Además de los cursos de literatura, se celebraba anualmente, en la última semana de noviembre, un “Encuentro de escritores venezolanos”. Los escritores invitados —normalmente tres o cuatro— hacían una lectura pública de sus textos en varias sesiones. Los profesores y becarios del Departamento, que habíamos leído sus obras de antemano, preparábamos breves ensayos para presentarles al público. A quienes estábamos empezando entonces, estas presentaciones nos enseñaron a hablar en público y nos ayudaron a formarnos como críticos literarios. Estos Encuentros eran, además, una oportunidad inmejorable para saber qué literatura se estaba escribiendo en Venezuela en aquel momento y para establecer vínculos personales con destacados autores del país. En los años en que yo participé, pude conocer, entre otros, a escritores como Gonzalo Fragui —un poeta nacido en la ciudad de Mérida, quien a través de su poesía irónica y humorística celebraba el amor y la ebriedad— y a Rosa Elena Pérez Mendoza, una escritora de crónicas literarias —o “minúsculas mentiras” como ella las llamaba— que mezclaba en sus textos lo culto y lo coloquial, lo propio y lo ajeno, la verdad y la ficción. Las presentaciones que escribimos para presentar a los escritores se publicaron en el libro Voces y escrituras de Venezuela (Caracas, 2011). Esta publicación recoge cincuenta y un ensayos sobre otros tantos escritores venezolanos que participaron en los Encuentros entre 1995 y 2010. Entre estos autores se encuentran algunos de los más destacados de la literatura venezolana contemporánea: José Balza, Luis Britto García, Rafael Cadenas, Elisa Lerner, Eugenio Montejo, Ramón Palomares, etc.
Además de las actividades académicas, las conversaciones con los profesores y los escritores fuera de la universidad tenían tanto valor para nosotros como las clases y las lecturas literarias. Estas charlas se alargaban durante horas en los bares de Salamanca, entre cañas y tapas, o paseando por la ciudad. En ellas hablábamos de manera más informal sobre literatura y cultura, pero también sobre la situación política y sobre la vida cotidiana en el país. Estos diálogos nos permitieron a los estudiantes establecer vínculos muy valiosos entre los textos literarios y la realidad social venezolana, y así llegar a entender mejor un país que se nos presentaba a la vez familiar y misterioso, y que despertaba en nosotros una curiosidad especial. A finales de noviembre, cuando concluía el Encuentro de escritores y también el curso de literatura, todos los estudiantes, profesores y escritores que habíamos participado en las actividades de la Cátedra salíamos a cenar y continuábamos la fiesta hasta bien entrada la madrugada, acabando normalmente en El Savor, un mítico local de salsa, muy lejos ya de las formalidades letradas.
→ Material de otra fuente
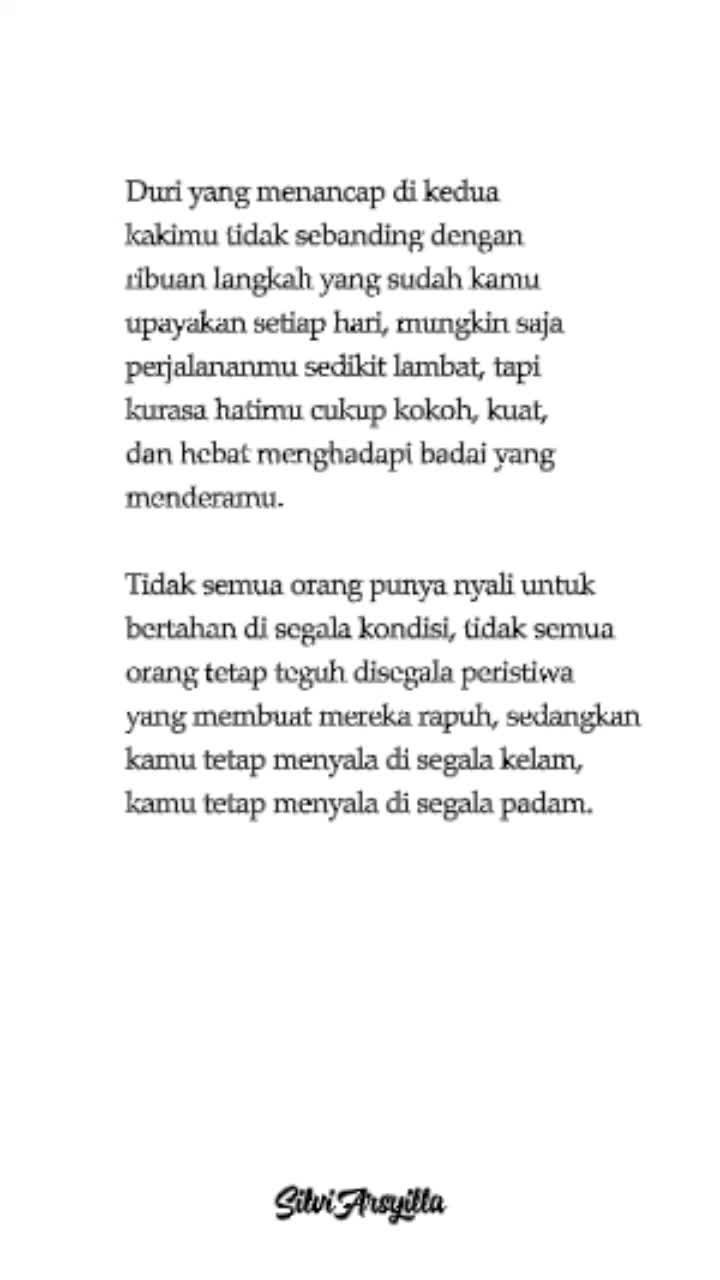 @Silvi Arsyilla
Gracias a la existencia de esta Cátedra yo enfoqué mis estudios a la literatura venezolana contemporánea. Escribí mi tesina de Máster sobre la poesía de Juan Liscano, y mi tesis doctoral, publicada con el título de La última claridad (2017), sobre el pensamiento literario de Guillermo Sucre. Después de doctorarme he continuado investigando y publicando sobre literatura venezolana contemporánea, en particular sobre Doña Bárbara (1929) de Rómulo Gallegos, y sobre la obra de Mariano Picón Salas publicada entre 1916 y 1935. El año pasado (2020) coordiné el número “Poesía venezolana en el siglo XXI”, que apareció en la revista Guaraguao de Barcelona. A día de hoy, desde mi puesto como coordinador de Humanidades y Ciencias Sociales en la American University in Dubai, promociono activamente la cultura española e hispanoamericana en Emiratos Árabes a través de la organización de eventos universitarios en colaboración con las embajadas hispanas que tienen sede en ese país. Incluso para esta labor que hoy realizo, mi participación en las actividades de la Cátedra ha tenido un valor decisivo.
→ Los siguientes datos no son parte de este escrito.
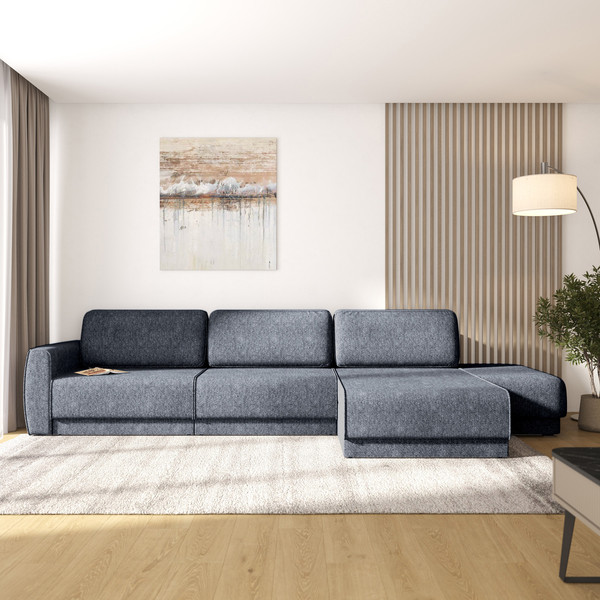 Диван угловой Олмеко Женева 2SOPF правый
No puedo concluir este texto sin mencionar a la doctora Carmen Ruiz Barrionuevo, quien fue la fundadora de la Cátedra en la Universidad de Salamanca y su coordinadora hasta hace poco. Ella impulsó incansablemente las actividades de la Cátedra y, a pesar de las dificultades con que se encontró a veces, se esforzó siempre para que los cursos y los Encuentros salieran adelante. Ella conoce muy bien el valor de la literatura venezolana y sabía lo importante que era mantener esta Cátedra tanto para la Universidad de Salamanca como para los estudiantes del Máster y del Doctorado en Literatura española e hispanoamericana. Quiero agradecerle expresamente mi participación en las actividades de la Cátedra, así como la generosidad y la confianza que siempre mostró conmigo. Ojalá que su legado se mantenga en el tiempo. Asimismo, quiero aprovechar la oportunidad para mencionar a los compañeros de Salamanca que participaron regularmente en las actividades de la Cátedra y que contribuyeron a su éxito: Francisca Noguerol, María Ángeles Pérez López, Eva Guerrero, María José Bruña, José Manuel González Álvarez, Vega Sánchez Aparicio, Carlos Rivas Polo, Catalina García García-Herreros, y Luislis Morales Galindo. Finalmente, espero que este texto sirva para que otras universidades —siguiendo el ejemplo de la Universidad de Salamanca— establezcan Cátedras similares, y para que la tradición literaria venezolana, muy valiosa, pero, desafortunadamente, poco reconocida internacionalmente, tenga una mayor presencia en otras aulas universitarias y marque la vida de otros estudiantes.